Data excerpt section start

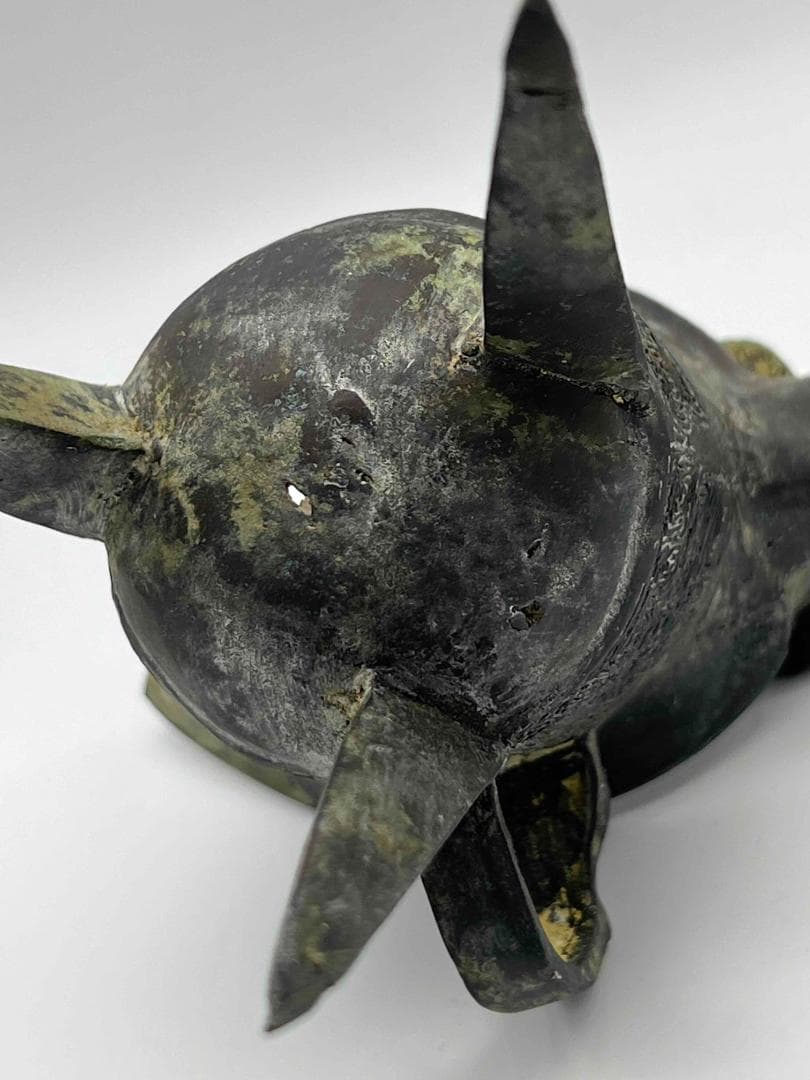 中国古美術　戦国から漢時代　青銅　ブロンズ　三足爵盃　酒具　極最工(C-72)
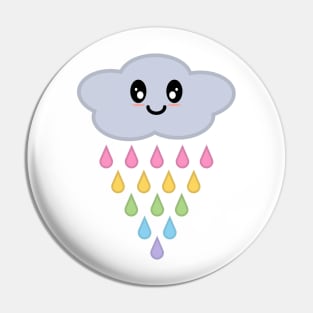 Kawaii Cute Raining Rainbow Rain Clouds Pin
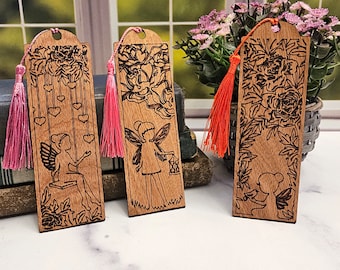Wood Fairy Bookmarks with Tassels: Wood Set of 3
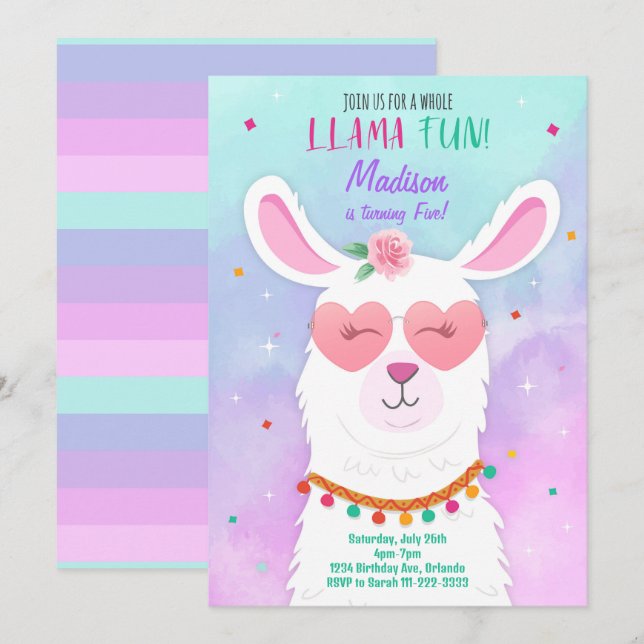 Invitation Lunettes de soleil Llama Anniversaire de enfant In (Devant / Derrière)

Data excerpt section end

Assigned task: Return the material exactly as given, apart from the pictures.

Task output:
 中国古美術　戦国から漢時代　青銅　ブロンズ　三足爵盃　酒具　極最工(C-72)
 Kawaii Cute Raining Rainbow Rain Clouds Pin
Wood Fairy Bookmarks with Tassels: Wood Set of 3
 Invitation Lunettes de soleil Llama Anniversaire de enfant In (Devant / Derrière)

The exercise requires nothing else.